Mayo Clinic Laboratories’ Neuro-Oncology Expanded NGS Panel was performed to further characterize this tumor given the infiltrative pattern or growth.
Figure 8. Histopathological findings
Figure 9. OLIG2, neurofilament, KI67
The NGS panel revealed a KCTD16-NTRK2 fusion. Although not functionally characterized or previously reported, this fusion is predicted to maintain an intact NTRK2 C-terminal kinase domain similar to other oncogenic NTRK2 fusions, indicating that the KCTD16-NTRK2 fusion is also likely oncogenic.
As NTRK2 fusions have been recurrently reported in pilocytic astrocytoma, the finding of a KCTD16-NTRK2 fusion supported the integrated diagnosis of pilocytic astrocytoma, WHO grade I with KCTD16-NTRK2 fusion.8
Figure 10. KCTD16 (exon 3)-NTRK2 (exon 16) fusion
Pilocytic astrocytoma is a single pathway disease driven by activating alterations involving the MAPK pathway. NTRK2 fusions also activate the MAPK pathway and have been recurrently, albeit infrequently, observed in pilocytic astrocytoma, especially in extra-cerebellar tumor.8
There is clinically approved histology-agnostic multi-kinase inhibitor for adult and pediatric patients with advanced solid tumors, including CNS tumors, harboring NTRK1/2/3 fusions without a known acquired resistance mutation.10,11
Targeted therapies represent an alternative adjuvant treatment option for patients with tumors not amenable to complete surgical resection and tumors that recur/progress.
A 15-year-old boy recently presented with new-onset seizures. Imaging studies showed a left parieto-occipital tumor with postcontrast enhancement. The patient underwent tumor excision at an outside institution, and the case was sent for neuropathology consultation at Mayo Clinic.
The resection specimen disclosed a high-grade poorly differentiated neuroepithelial tumor. Necrosis was present but microvascular proliferation was not observed.
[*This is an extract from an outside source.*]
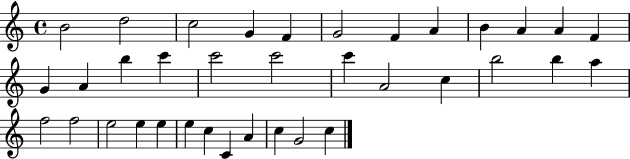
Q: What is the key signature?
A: C major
Immunohistochemical stains showed absence of IDH1-R132H, GFAP, H3K27M, and Olig2 staining, variable ATRX loss, and strong p53 overexpression.
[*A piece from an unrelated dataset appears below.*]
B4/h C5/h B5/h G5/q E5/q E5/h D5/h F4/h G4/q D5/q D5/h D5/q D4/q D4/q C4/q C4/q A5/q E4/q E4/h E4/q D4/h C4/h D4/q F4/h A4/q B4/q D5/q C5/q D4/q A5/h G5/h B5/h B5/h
Mayo Clinic Laboratories’ Neuro-Oncology Expanded NGS Panel was performed to further characterize this tumor.
Figure 11. Histological findings
Figure 12. H3K27M, ATRX, p53
The NGS panel confirmed the lack of an IDH1-IDH2 mutation and revealed an H3F3A G34R* mutation in addition to an ATRX and two TP53 mutations.
This mutation profile is characteristic of a distinctive high-grade neuroepithelial tumor with H3 G34-mutation, an emergent new entity among primary CNS tumors in adolescents and young adults.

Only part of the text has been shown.